L’Europe des peuples n’est pas incompatible avec l’Europe des marchés mais elle l’est avec l’Europe fédérale. Ce rêve, dont on ne sait même pas s’il serait idyllique, est irréaliste dans l’état actuel des choses et des peuples. Ce peut être un leg aux générations suivantes mais il faut progresser lentement. L’Euro, monnaie unique mise en circulation pour forcer le destin, n’est plus tenu qu’à bout de bras dans une cacophonie qui scelle sa mort prochaine.

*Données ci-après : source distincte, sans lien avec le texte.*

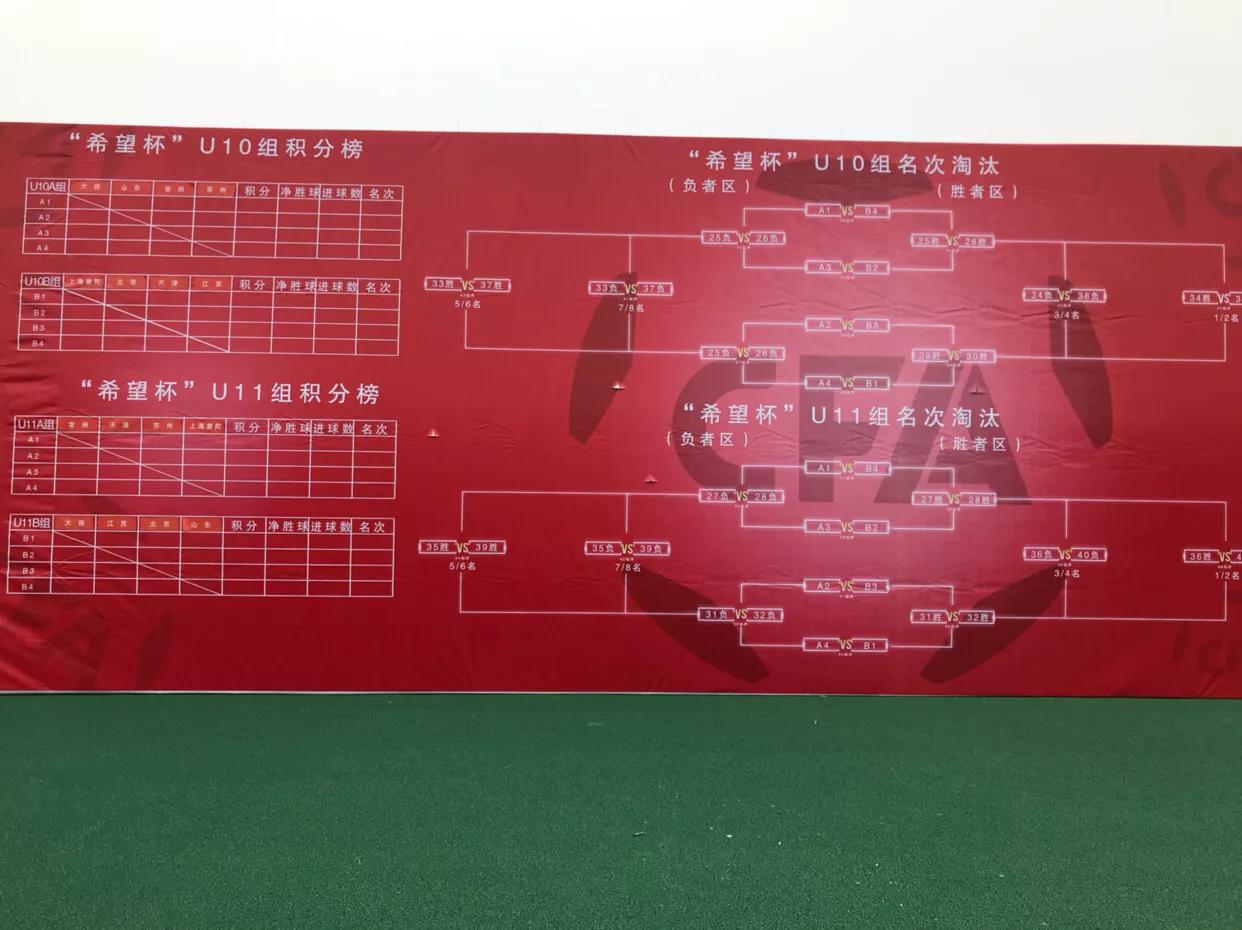 2024中国女足青训希望杯u12,中国足协青少年女足足球锦标赛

Un traité multinational va être débattu à 26 + 1 observateur, alors qu’il a été prévu pour 17 + pays intéressés. Les fonds de sauvetage du FMI ne sont pas à la hauteur des besoins des pays en difficulté soit 800Mds€ pour 2012. Le financement du MES, prévu dans son principe, est loin d’être assuré et l’on parle de participation, américaine, russe, chinoise, brésilienne. On se doute que tout cela sera une usine à gaz mais pas gratuit et demandera des mois de négociations. La BCE veut rester dans son rôle des traités, comme régulatrice de l’inflation qui atteint désormais 3% pour l’Europe. Si l’on ajoute les divergences de fond entre la France et l’Allemagne, on voit que tout est réuni pour que les marchés n‘attendent pas et que les agences de notation agissent.
L’Europe est un nain politique,car l’intervention en Libye, les menaces sur la Syrie montrent soit des divergences profondes soit des incapacités à peser efficacement en dehors des Etats-Unis. Non seulement c’est un nain politique mais c’est une tour de Babel où les palabres n’aboutissent qu’à des compromis bancals et toujours trop tardifs. Ses objectifs ne sont absolument pas réalisés.
Mais il est une autre raison pour laquelle l’Europe ne peut s’affirmer. Elle est contenue dans l’ambigüité d'une orientation fédérale à terme et une affirmation de non-recherche de puissance. Ce dernier point me fait souvenir des positions politiques franco-britanniques avant la deuxième guerre mondiale. Aucun ensemble politique de cette taille ne peut espérer s’imposer dans le monde sans affirmer sa puissance. Il suffit de regarder ce qui se passe actuellement. La Turquie se réveille dans son passé d’Empire Ottoman, la Chine dans celui de l’Empire du Milieu et le Brésil se voit enfin un avenir de grande puissance. L’Europe ne peut survivre que comme une puissance organisée comme telle politiquement, économiquement et militairement.
La seule difficulté, mais elle est de taille, c’est que le patchwork de pays aux 37 langues différentes, aux niveaux d'évolution économique et sociale très différents, n’a rien des caractéristiques qui ont construit les USA. Le temps du fédéralisme est dans les têtes pensantes mais pas dans le cœur des européens d’aujourd’hui… Il est temps seulement de dépasser l’Europe des marchés pour élaborer patiemment le rassemblement des peuples sur ce qu’ils ont envie de vivre ensemble aujourd’hui, celui de l'Europe des peuples.
On ne construit pas une nation sans les peuples
Mais les peuples peuvent se retrouver sans nation.
Une monnaie ne fait pas une nation,
Mais une monnaie parachève une nation.